We think perhaps that we've seen it all. But that's not likely.

First there was 'NewTwitter' aka 'Twitter 2.0', a monstrosity of design that the entire corporation put their weight behind, but to no avail. And it wasn't hard to understand. Twitter 2.0 was a designer's nightmare. It had 40 pixel margins - quadruple what they'd had when they had their breakthrough, and this when things started moving to mobile where real estate is premium.

Then there was all that defensive talk about the 'golden ratio'. There was supposedly such 'symmetry' in a design; but no one could see it and no one could really care: the danged thing was a huge fail.

Twitter suits didn't know what to do, so they brought in a market research company to find out what it was people didn't like. Even though everyone already knew what was wrong.

The market research company seemed more clueless than the people at Twitter. The questions asked were downright bizarre. The survey was a flop and resulted in nothing.

Gradually Twitter 2.0 was replaced with the gas guzzler Twitter 3.0. People fled to the mobile version. But then the geniuses decided to screw that up too.



The list of gaffes is endless, and it's all the more dramatic because they're all embarrassing. Not just the type of gaffes made by programmer noobs, but the kind made by people who don't have a clue anywhere.





And now tonight, 21 October 2014, the ignominy took a giant step downwards. This one's to do with Twitter's URL shortener.

URL shorteners are important for a number of reasons. They've been around for a long time, but what with the Twitter limit of 140 characters, they become vital. There are many projects out there, with is.gd near or at the top of the list.

That Twitter will ever have a URL shortener of that class is out of the question today. There's a wrong way and a right way to go about things, and Twitter long ago chose the wrong way.

Twitter's main problem is figuring out what a URL is. This section should give them a hint of what's in store. Note as well that the first URL in the list is still unrecognised by Twitter.

http://tools.ietf.org/html/rfc3986#section-1.1.2

But the overriding key to recognising URLs (and knowing where they end) is to flag only the characters that can actually delimit.

Space delimits, but ö does not - and multiple hyphens don't either.
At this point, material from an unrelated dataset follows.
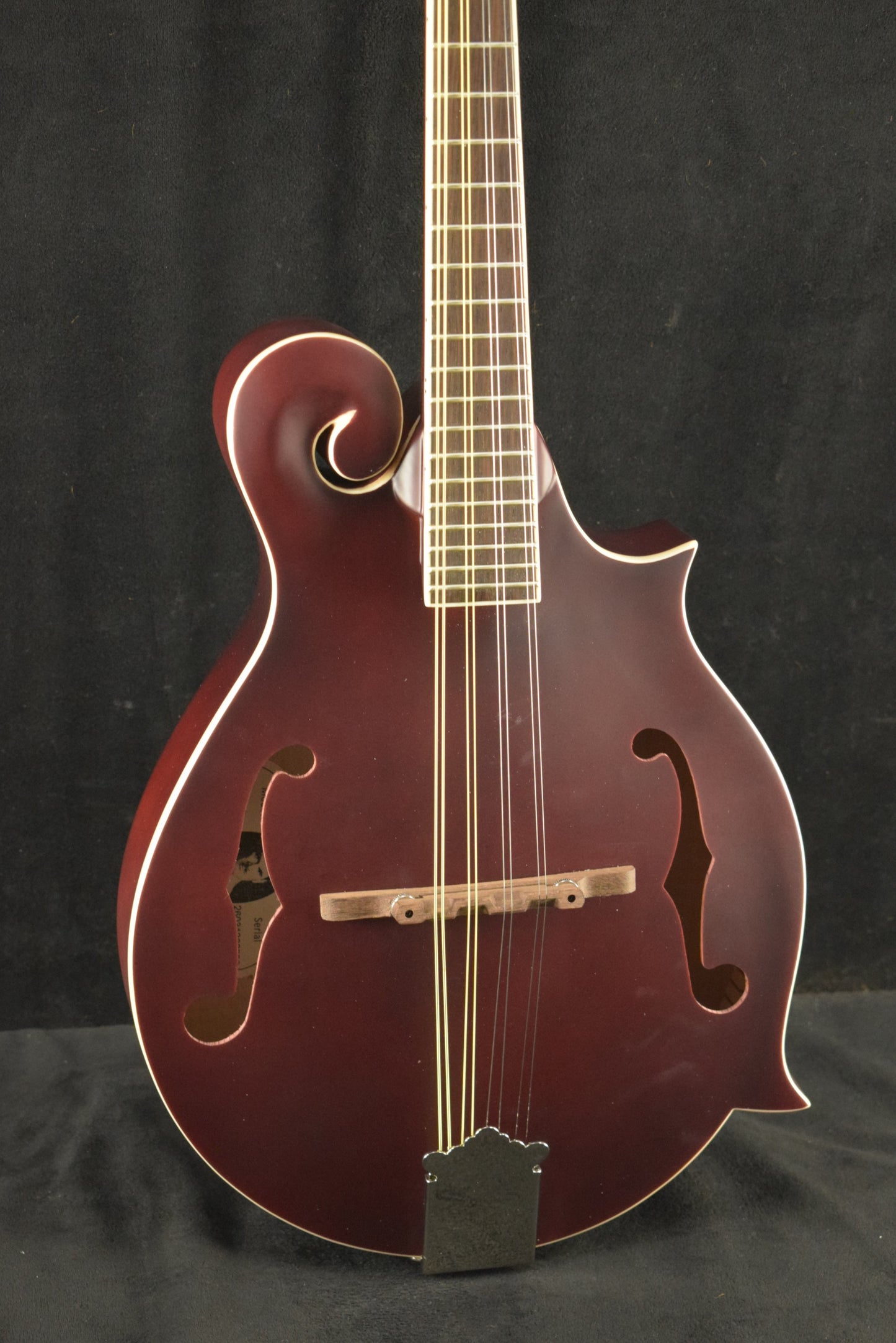 Epiphone F-5 Studio Wine Red Satin w/ Premium Gig Bag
The RFC in question even has a tidy table of delimiters and sub-delimiters.

reserved   = gen-delims / sub-delims

gen-delims = ":" / "/" / "?" / "#" / "[" / "]" / "@"
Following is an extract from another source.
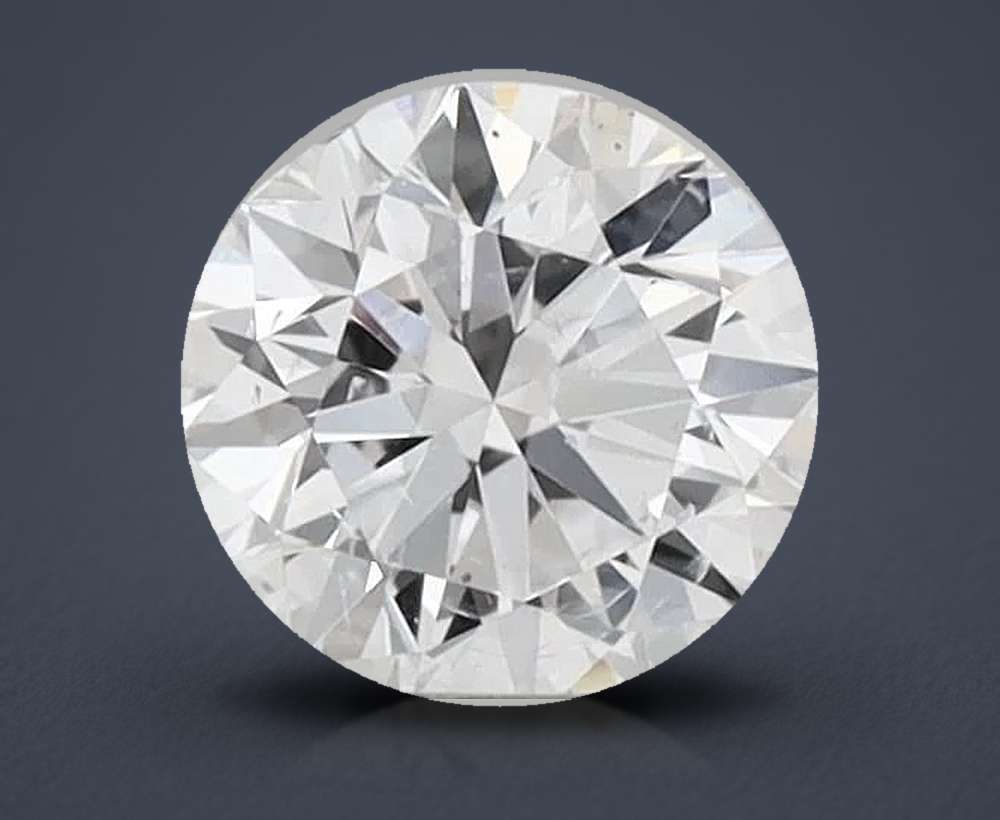 1.30 Carat Round Natural Diamond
sub-delims = "!" / "$" / "&" / "'" / "(" / ")" / "*" / "+" / "," / ";" / "="

The Internet's exploded with the full force of Unicode, and Twitter still can't do ASCII URLs correctly.

Twitter: Compounding Stupidity

Thus the use of is.gd even on Twitter where the built-in t.co simply doesn't cut it. This is just another of the many embarrassing gaffes people have got used to and found a way around. Until tonight when another Twitter brainiac improvement popped up.

So now, as of 21 October 2014, Twitter are disallowing URLs shortened by is.gd (and probably a host of other similar services). Which would be OK if their own service worked. Which of course it does not.

'This request looks like it might be automated. To protect our users from spam and other malicious activity, we can't complete this action right now. Please try again later.'



Yes that's true, Twitter. The URL was automated. Sort of. It was automated by a URL shortening service that's better than yours. You've literally had years to get your own act together and you've failed miserably. Your people can't even read the RFCs to figure out how to parse URLs. After all these years.

Titanic Chairs

Twitter UI geniuses have of late been busy shuffling desk chairs. A lot of people use third party clients - or at least other interfaces - to access Twitter logic, and they're hopefully spared. But the corporation's main interface on the web just gets weirder by the day.

They're shifting controls from the right side to the left, or back again; the envelope icon for direct messages suddenly moved from the right to the left; they screwed up the code for opening entry fields inline so focus point didn't match cursor position; they just keep doing what they're best at - annoying their users with pointless design changes and screwing up with even more programming errors.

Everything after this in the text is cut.